One of the best theatre blogs in the business is that of Paul Miller, a young(ish) director who has worked regularly at places like the Bush, Hampstead, Royal Court and National, and whose blog provides as personal and revealing a look into the backstage processes of a director as you’ll ever read. He’s free, frank and ruthlessly honest about his life and work. He’s not Trevor Nunn, rushing from one job to the next, but as he recently put it, finds himself carrying on “in this weird half-working, half-not kind of way”. Indeed, it was to reflect this that he orgiinally started his blog: “One of the original purposes of this blog was to show that directors are in just the same position essentially as everyone else in the theatre: bobbing along on a sea controlled (apparently) by some other force. We are not the inspired masters of destiny which popular myth depicts. Well I’m not anyway. On the one hand expected to clamour for attention like a mixture of the dockhands in On the Waterfront and Max Bialystock, on the other to be these discriminating, scrupulous and sensitive artists, no wonder most are hopeless.”
And here’s a real gem I found looking over some recent entries — he mentions Toby Young’s new play (A Right Royal Farce), and wrote back in July, “I will break with convention here and say that I turned it down - I’m damned sure I wasn’t the first and quite likely not the last: you’ve never read anything like it. Well, at least Paul proves himself discriminating, scrupulous and sensitive! He also had a very lucky escape, as I’ve blogged about already last week….

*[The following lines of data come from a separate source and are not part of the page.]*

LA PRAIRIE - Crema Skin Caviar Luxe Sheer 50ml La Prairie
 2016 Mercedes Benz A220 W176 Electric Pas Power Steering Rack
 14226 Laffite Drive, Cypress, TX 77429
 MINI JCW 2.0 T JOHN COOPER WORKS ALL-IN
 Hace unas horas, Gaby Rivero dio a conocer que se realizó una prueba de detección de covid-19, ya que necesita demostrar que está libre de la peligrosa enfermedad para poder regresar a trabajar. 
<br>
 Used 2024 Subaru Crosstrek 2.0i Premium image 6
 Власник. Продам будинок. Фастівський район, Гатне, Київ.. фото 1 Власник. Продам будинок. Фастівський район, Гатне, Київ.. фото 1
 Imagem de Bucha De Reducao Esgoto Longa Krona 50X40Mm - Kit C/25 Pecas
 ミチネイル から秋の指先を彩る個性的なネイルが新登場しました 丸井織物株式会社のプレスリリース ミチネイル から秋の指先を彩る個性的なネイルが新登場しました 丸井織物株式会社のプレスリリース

I should declare an interest here: when I started this blog, Paul found it early on and we started exchanging e-mails, then met for a convivial lunch. So you could call this a mutual admiration society. But it’s also wonderful proof of the power of blogging: though I knew his directorial work (I was a big fan of his production of Jonathan Harvey’s Hushabye Mountain at Hampstead Theatre, that i actually saw twice, and ditto Roy WIlliams’ Sing Yer Heart out for the Lads at the National), we only connected personally through our blogs.
Thanks so much for pointing to Miller's weblog. I loved reading it ages ago and then I think he stopped for a while. Sometime after that Bloglines.com must have mysteriously unsubscribed me from his feed, so I assumed he'd never resumed posting. I must have missed so much good stuff.